(The Washington Post) – I’m fortunate that I get to teach parents and their children about healthy eating. I always tell grown-ups that they are role models for their children, but I also remind them that kids are teachers, too. Sound surprising? From toddler to tween, children display healthy eating habits that many adults forget to follow.
When adults take the time to watch their little ones more closely, they are pleasantly surprised with what they learn. Here are four things children do that just may change your eating habits — for the better.
Kids bring lunch.
You may have done away with your thermos, but it’s wise to mimic the items that go into a child’s school bag. Plan your own day with these three things in tow:
Lunch: If you pack a nutritious lunch, you can save money by avoiding the food court, and will be less likely to skip the meal since it is ready-made and within reach. A homemade lunch gives you greater control over the contents and portion size, so you are less likely to overeat.
Snacks: Although you don’t get to play at recess, you can still tote portable healthy snacks (think string cheese or an apple) to stave off between-meal hunger. Kids tend to eat every three or four hours to keep their energy level stable and their mind focused on their work — that’s a great plan for you, too.
Water: Carrying a reusable water bottle can steer you away from sugar-laden soda and juice, and keep you hydrated all day long. Even being slightly dehydrated can affect memory, concentration and cognition; this can be alleviated by sipping water throughout the day.
Kids only eat what tastes good.
For kids, one bite of a “bad” food is never followed by a second bite. Adults are less discerning! How many times have you sipped flat soda or munched on stale popcorn just because it was in front of you?
For picky kids, a “yucky” food doesn’t get a second chance.
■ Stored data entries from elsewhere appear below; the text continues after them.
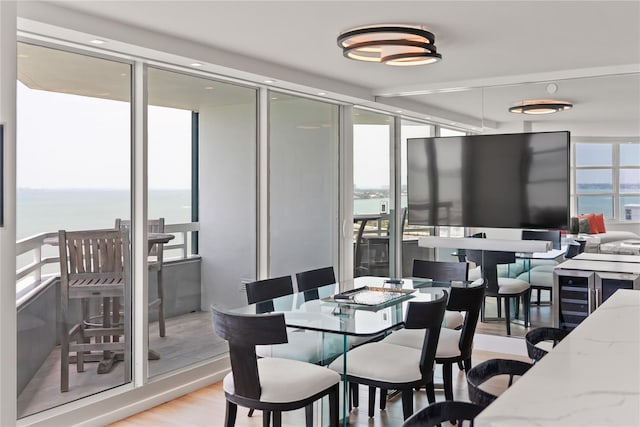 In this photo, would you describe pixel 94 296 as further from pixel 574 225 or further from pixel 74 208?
pixel 574 225

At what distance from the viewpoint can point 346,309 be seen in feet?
11.9

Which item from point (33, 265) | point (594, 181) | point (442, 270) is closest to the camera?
point (33, 265)

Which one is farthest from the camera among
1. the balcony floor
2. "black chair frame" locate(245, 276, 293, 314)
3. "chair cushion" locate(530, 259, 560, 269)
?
"chair cushion" locate(530, 259, 560, 269)

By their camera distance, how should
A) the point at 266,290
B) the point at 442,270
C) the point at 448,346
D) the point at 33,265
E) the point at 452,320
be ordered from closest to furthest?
the point at 33,265 → the point at 448,346 → the point at 266,290 → the point at 452,320 → the point at 442,270

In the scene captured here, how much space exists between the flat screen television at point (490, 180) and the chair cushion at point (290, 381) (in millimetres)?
2776

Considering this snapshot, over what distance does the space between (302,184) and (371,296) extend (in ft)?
7.03

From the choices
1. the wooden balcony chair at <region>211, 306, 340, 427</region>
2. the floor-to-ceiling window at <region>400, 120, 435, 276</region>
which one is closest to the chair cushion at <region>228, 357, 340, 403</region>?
the wooden balcony chair at <region>211, 306, 340, 427</region>

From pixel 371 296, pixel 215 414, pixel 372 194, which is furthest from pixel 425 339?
pixel 372 194

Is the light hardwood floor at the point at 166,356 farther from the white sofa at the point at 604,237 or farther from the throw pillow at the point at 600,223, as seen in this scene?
the throw pillow at the point at 600,223

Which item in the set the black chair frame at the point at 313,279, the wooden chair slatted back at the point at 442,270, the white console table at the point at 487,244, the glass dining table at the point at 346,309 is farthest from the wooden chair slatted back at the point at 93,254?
the white console table at the point at 487,244

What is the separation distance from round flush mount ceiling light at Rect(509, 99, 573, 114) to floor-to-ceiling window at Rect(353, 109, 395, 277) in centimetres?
158

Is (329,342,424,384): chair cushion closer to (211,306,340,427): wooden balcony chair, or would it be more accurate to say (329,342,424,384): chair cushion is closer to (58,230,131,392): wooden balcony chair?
(211,306,340,427): wooden balcony chair

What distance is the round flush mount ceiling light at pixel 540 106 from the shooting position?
5195mm

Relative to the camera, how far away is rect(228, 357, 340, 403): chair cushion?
9.80 ft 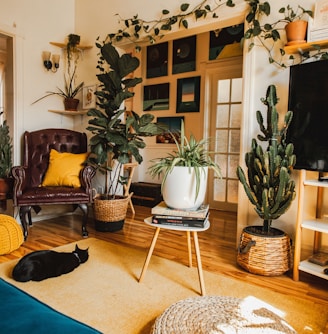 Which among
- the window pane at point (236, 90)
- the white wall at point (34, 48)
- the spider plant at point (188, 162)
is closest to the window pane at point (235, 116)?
the window pane at point (236, 90)

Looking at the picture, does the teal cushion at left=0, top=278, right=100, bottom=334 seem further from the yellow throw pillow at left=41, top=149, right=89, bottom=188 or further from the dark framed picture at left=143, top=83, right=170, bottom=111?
the dark framed picture at left=143, top=83, right=170, bottom=111

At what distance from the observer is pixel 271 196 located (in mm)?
2088

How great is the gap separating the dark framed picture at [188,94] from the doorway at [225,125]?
0.69 ft

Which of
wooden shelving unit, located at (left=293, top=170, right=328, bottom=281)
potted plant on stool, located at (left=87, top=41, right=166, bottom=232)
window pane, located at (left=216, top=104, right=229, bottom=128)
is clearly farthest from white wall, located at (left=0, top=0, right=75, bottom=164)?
wooden shelving unit, located at (left=293, top=170, right=328, bottom=281)

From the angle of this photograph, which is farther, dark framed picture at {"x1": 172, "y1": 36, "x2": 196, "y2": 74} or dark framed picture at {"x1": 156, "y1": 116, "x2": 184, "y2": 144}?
dark framed picture at {"x1": 156, "y1": 116, "x2": 184, "y2": 144}

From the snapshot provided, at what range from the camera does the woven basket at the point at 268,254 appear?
205 cm

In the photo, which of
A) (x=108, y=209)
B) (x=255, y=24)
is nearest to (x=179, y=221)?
(x=108, y=209)

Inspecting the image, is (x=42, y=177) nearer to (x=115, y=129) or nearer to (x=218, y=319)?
(x=115, y=129)

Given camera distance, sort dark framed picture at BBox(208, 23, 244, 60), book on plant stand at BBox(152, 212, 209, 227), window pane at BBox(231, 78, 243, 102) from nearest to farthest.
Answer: book on plant stand at BBox(152, 212, 209, 227) < dark framed picture at BBox(208, 23, 244, 60) < window pane at BBox(231, 78, 243, 102)

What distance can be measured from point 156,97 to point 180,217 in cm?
369

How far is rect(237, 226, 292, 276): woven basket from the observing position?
2.05 metres

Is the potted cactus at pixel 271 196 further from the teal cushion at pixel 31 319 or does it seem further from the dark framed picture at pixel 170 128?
the dark framed picture at pixel 170 128

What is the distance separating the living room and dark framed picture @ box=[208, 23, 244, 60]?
5.17 ft

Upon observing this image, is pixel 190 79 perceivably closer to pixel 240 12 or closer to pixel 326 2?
pixel 240 12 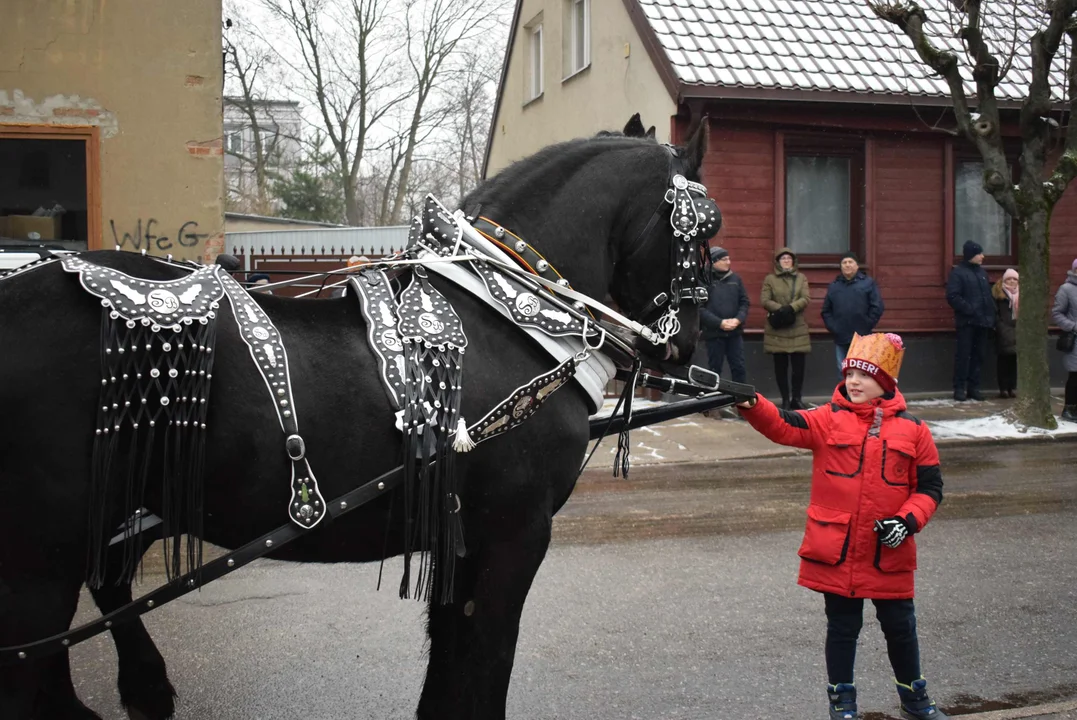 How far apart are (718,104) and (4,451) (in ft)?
38.3

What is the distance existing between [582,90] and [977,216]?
650cm

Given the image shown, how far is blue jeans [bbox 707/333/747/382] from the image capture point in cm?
1152

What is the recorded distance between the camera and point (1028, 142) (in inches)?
428

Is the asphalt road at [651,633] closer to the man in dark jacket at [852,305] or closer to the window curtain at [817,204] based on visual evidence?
the man in dark jacket at [852,305]

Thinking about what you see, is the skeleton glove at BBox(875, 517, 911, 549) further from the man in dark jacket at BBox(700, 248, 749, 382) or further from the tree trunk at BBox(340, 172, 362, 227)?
the tree trunk at BBox(340, 172, 362, 227)

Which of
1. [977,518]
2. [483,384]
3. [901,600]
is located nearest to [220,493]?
[483,384]

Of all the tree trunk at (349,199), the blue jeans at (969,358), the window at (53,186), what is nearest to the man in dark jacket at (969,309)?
the blue jeans at (969,358)

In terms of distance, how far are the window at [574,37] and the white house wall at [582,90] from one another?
0.39 ft

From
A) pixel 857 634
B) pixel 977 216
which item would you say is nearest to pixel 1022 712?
pixel 857 634

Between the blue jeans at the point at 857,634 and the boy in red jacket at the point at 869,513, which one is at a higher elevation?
the boy in red jacket at the point at 869,513

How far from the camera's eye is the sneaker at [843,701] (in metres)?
3.53

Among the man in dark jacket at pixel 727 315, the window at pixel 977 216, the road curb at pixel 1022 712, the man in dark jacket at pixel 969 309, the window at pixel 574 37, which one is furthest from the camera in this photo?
the window at pixel 574 37

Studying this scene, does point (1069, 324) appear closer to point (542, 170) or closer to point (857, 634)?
point (857, 634)

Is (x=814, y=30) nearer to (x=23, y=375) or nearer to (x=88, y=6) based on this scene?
(x=88, y=6) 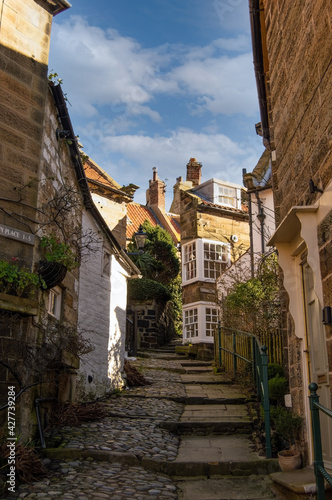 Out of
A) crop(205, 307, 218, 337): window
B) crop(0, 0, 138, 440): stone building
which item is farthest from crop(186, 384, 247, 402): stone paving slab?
crop(205, 307, 218, 337): window

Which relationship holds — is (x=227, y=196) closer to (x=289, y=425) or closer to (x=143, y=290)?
(x=143, y=290)

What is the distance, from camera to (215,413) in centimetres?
860

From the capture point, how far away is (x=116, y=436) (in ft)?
23.4

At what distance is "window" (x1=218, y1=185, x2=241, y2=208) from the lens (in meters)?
21.2

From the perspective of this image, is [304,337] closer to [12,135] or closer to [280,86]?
[280,86]

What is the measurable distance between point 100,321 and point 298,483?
20.2 feet

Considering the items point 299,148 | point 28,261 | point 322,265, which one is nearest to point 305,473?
point 322,265

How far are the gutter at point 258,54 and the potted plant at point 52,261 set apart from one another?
461 centimetres

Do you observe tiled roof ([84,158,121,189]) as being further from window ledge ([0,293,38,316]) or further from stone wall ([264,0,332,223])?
window ledge ([0,293,38,316])

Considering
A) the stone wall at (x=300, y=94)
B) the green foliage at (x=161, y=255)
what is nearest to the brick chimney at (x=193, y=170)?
the green foliage at (x=161, y=255)

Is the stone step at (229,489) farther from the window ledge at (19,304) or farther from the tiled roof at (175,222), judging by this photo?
the tiled roof at (175,222)

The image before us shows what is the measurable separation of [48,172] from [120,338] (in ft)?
18.1

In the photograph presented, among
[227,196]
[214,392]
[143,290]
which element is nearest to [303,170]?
[214,392]

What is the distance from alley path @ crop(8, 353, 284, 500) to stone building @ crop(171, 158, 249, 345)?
896 centimetres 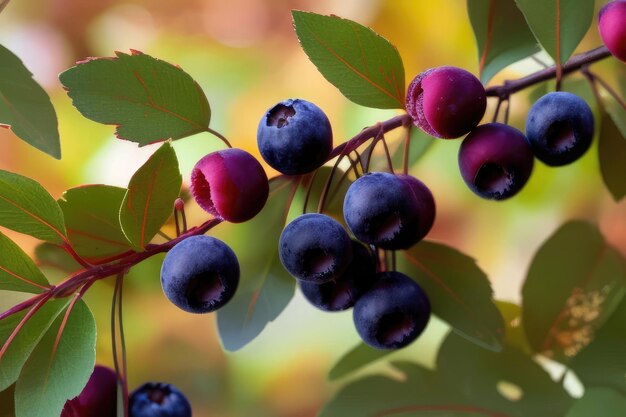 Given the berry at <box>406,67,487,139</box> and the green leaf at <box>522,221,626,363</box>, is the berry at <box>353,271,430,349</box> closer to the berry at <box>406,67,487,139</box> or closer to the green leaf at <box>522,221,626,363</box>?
the berry at <box>406,67,487,139</box>

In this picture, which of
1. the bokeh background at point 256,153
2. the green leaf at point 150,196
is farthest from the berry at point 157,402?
the bokeh background at point 256,153

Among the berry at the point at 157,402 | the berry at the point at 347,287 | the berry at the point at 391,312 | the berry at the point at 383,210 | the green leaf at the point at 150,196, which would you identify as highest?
the green leaf at the point at 150,196

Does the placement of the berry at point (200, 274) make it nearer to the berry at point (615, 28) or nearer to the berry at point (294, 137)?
the berry at point (294, 137)

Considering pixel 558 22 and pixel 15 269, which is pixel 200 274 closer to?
pixel 15 269

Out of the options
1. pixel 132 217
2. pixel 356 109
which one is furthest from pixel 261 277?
pixel 356 109

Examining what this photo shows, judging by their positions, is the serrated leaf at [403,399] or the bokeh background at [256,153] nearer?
the serrated leaf at [403,399]

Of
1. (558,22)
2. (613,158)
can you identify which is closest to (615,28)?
(558,22)

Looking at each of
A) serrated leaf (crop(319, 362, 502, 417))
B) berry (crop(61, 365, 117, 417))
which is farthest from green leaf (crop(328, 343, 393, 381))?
berry (crop(61, 365, 117, 417)) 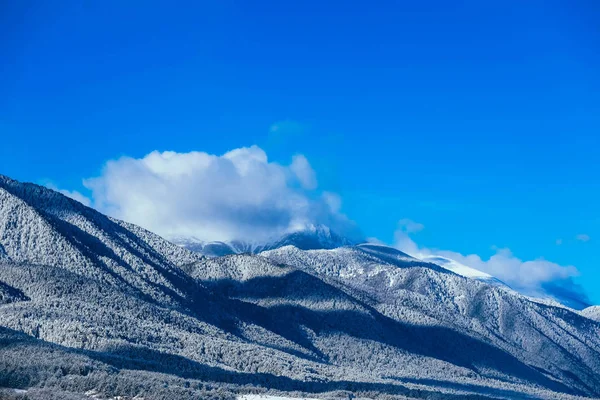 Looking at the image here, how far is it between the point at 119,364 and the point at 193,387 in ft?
68.4

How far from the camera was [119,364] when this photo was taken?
197m

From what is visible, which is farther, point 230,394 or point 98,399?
point 230,394

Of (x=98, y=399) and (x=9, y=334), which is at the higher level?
(x=9, y=334)

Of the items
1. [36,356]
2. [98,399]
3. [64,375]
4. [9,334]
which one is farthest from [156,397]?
[9,334]

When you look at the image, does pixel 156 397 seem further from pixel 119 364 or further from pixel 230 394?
pixel 119 364

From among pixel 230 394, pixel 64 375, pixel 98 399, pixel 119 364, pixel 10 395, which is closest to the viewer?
pixel 10 395

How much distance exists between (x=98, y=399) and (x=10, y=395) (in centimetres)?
1559

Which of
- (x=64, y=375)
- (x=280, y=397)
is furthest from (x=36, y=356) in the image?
(x=280, y=397)

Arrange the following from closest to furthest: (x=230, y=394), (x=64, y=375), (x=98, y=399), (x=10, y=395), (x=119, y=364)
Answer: (x=10, y=395), (x=98, y=399), (x=64, y=375), (x=230, y=394), (x=119, y=364)

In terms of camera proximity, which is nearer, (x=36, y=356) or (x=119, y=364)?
(x=36, y=356)

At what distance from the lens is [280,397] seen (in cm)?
19825

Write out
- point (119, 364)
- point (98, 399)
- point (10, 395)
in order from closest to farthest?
point (10, 395) → point (98, 399) → point (119, 364)

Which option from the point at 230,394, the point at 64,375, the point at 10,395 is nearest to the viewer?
the point at 10,395

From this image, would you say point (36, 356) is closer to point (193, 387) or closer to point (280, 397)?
point (193, 387) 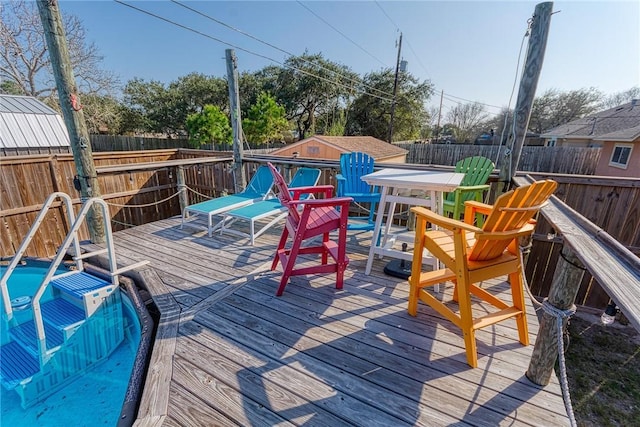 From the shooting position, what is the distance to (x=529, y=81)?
8.04 feet

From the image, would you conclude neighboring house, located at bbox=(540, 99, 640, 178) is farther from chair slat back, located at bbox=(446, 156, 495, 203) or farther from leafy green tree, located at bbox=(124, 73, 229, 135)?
leafy green tree, located at bbox=(124, 73, 229, 135)

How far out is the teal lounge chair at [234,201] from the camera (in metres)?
3.41

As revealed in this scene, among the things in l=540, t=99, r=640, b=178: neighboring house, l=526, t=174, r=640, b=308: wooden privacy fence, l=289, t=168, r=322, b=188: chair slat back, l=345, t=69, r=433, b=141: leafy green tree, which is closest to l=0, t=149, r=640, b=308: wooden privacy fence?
l=526, t=174, r=640, b=308: wooden privacy fence

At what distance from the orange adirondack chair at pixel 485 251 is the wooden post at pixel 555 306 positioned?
0.23m

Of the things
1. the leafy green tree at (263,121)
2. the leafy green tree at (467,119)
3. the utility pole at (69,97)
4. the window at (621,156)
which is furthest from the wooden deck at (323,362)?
the leafy green tree at (467,119)

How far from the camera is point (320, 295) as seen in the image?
7.13 ft

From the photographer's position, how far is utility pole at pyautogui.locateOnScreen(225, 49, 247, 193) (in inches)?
159

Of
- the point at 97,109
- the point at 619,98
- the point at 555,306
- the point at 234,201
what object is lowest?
the point at 234,201

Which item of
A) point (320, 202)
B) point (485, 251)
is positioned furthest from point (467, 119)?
point (485, 251)

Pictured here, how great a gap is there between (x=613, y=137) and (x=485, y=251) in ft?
43.5

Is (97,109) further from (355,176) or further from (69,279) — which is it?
(355,176)

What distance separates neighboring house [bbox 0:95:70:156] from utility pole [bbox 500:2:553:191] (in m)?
9.29

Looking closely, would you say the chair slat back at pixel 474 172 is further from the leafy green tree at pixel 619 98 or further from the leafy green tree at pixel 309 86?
the leafy green tree at pixel 619 98

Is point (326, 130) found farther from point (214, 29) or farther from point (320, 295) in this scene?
point (320, 295)
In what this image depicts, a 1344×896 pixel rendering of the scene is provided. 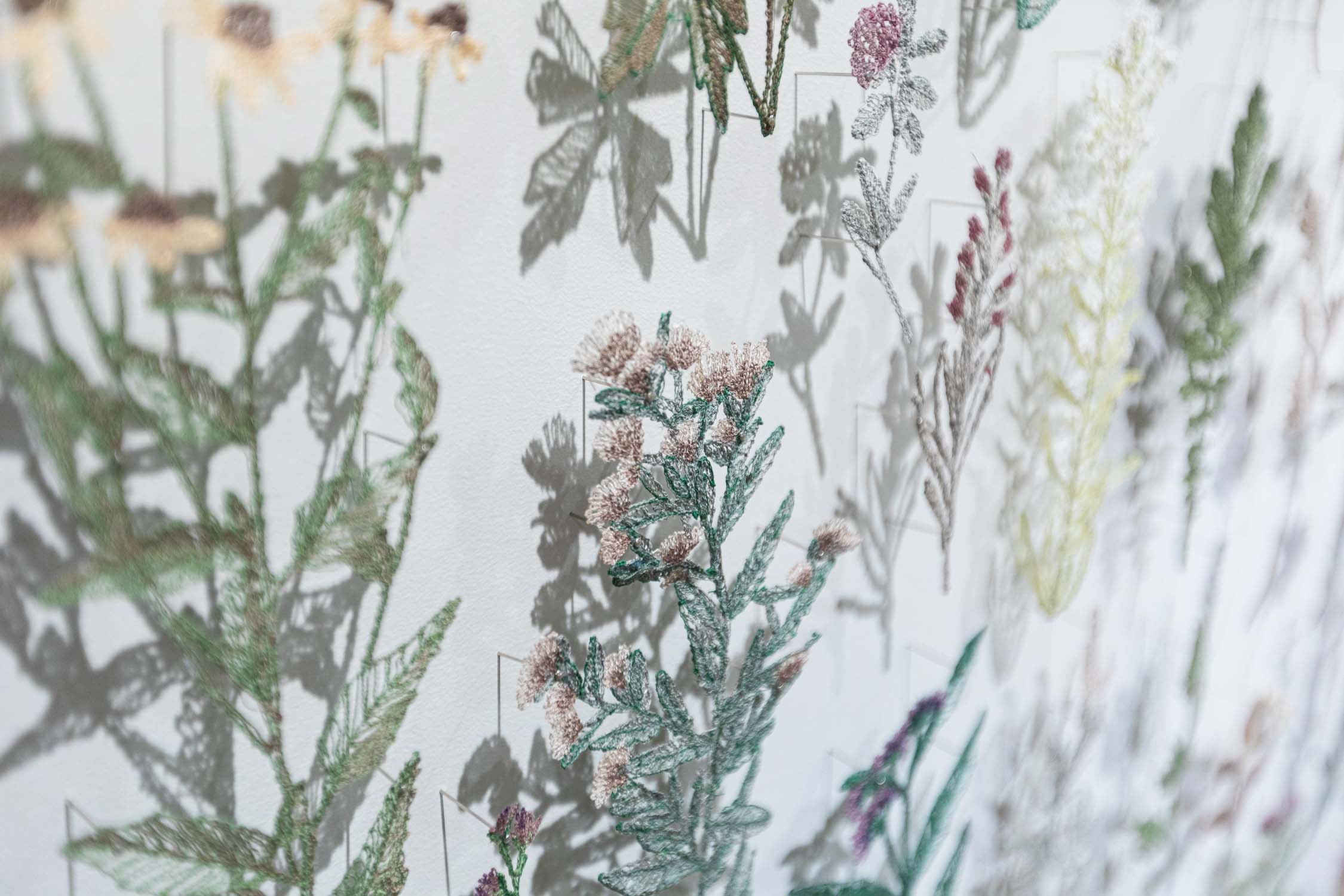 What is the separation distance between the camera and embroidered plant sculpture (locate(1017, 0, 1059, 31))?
0.81 metres

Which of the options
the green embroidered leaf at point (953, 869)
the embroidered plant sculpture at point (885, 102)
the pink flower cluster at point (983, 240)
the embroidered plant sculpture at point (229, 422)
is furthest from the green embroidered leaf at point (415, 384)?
the green embroidered leaf at point (953, 869)

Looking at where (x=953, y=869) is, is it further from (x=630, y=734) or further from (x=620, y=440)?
(x=620, y=440)

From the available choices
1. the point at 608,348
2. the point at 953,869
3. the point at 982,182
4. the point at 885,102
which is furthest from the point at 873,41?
the point at 953,869

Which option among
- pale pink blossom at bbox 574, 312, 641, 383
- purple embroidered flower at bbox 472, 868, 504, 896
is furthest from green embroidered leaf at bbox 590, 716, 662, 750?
pale pink blossom at bbox 574, 312, 641, 383

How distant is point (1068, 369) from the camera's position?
93 cm

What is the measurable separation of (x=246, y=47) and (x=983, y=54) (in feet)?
1.93

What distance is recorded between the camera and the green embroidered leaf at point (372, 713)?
0.53 m

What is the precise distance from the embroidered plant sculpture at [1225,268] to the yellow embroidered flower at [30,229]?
0.96 meters

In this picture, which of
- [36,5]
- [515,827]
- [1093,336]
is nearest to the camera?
[36,5]

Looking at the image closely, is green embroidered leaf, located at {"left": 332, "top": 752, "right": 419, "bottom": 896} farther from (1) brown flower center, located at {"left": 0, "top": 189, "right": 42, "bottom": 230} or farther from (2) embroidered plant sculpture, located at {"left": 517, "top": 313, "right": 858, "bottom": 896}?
(1) brown flower center, located at {"left": 0, "top": 189, "right": 42, "bottom": 230}

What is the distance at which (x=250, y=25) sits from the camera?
1.45ft

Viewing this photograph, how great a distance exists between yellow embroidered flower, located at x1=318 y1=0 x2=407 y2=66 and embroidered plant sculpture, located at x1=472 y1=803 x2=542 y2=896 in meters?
0.44

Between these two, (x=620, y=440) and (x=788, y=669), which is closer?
(x=620, y=440)

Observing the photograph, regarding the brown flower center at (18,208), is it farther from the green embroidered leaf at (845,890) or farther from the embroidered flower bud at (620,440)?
the green embroidered leaf at (845,890) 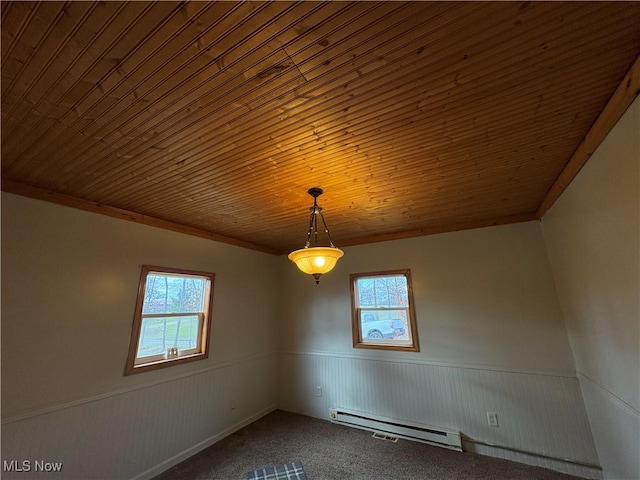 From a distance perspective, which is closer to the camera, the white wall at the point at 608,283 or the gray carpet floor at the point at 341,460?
the white wall at the point at 608,283

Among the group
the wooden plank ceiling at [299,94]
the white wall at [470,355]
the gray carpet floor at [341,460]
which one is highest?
the wooden plank ceiling at [299,94]

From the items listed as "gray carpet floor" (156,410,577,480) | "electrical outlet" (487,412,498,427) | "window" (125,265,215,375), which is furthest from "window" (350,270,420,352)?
"window" (125,265,215,375)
Maybe they are on to something. Follow their lead and recapture the juvenile innocence of declining foods you simply don’t enjoy. There are better ways to get your calories.
Kids enjoy every bite.
On the other hand, kids derive great pleasure from the foods they do like. Consider how children eat birthday cake: They don’t count calories or feel any guilt — they just revel in the intoxicating sweetness. If cake is a rare treat, it’s even more special.
And it’s not just sweet treats that kids savor. Have you ever watched toddlers experiment with new food? They don’t just experience the taste. They engage with all of their senses, exploring how the food feels, what it looks like and how it smells. Something as simple as a green bean becomes a captivating object to inspect, analyze and enjoy.
Toddlers ably capture a nutrition concept that dietitians spend months teaching their clients: mindful eating. This means slowing down, experiencing the flavor of each bite, and really taking the time to see, smell and taste food without any outside distractions.
Adults eat differently. It’s common for them to gobble down a meal and not take time to enjoy it. Have you ever reached for the next bite of your sandwich, only to realize that you’d finished it already? How did that happen?
Eating while distracted by work or texts takes attention away from your meal. When you don’t focus on your food, you’re more likely to overeat, which can lead to weight gain over time. So put down your smartphone, close your laptop and mindfully savor every delicious mouthful, just like a child does. And save the indulgences for special occasions.
Kids stop eating when they’re full.
Kids have an innate ability to regulate their food intake. They eat when they feel hungry and stop when they have had enough. But as you get older, you begin to ignore internal hunger cues and pay more attention to external cues that drive appetite.
Let’s say you’ve just eaten a full meal, but you walk by a bakery and inhale the tantalizing scent of fresh-baked cinnamon buns. If you buy one, you’re responding to temptation, not hunger. External cues can lead you to eat when you’re not hungry. You are also likely to give in to emotional eating, which means you eat when you’re stressed, angry or bored, rather than hungry.
Reconnect with your inner child. Base meals and snacks on physical cues of hunger, rather than emotional or external cues. When you are almost full, stop eating and ward off that feeling of being over-stuffed and bloated.
Registered dietitian Cara Rosenbloom is president of Words to Eat By, a nutrition communications company specializing in writing, nutrition education and recipe development. She is the co-author of “Nourish: Whole Food Recipes featuring Seeds, Nuts and Beans.”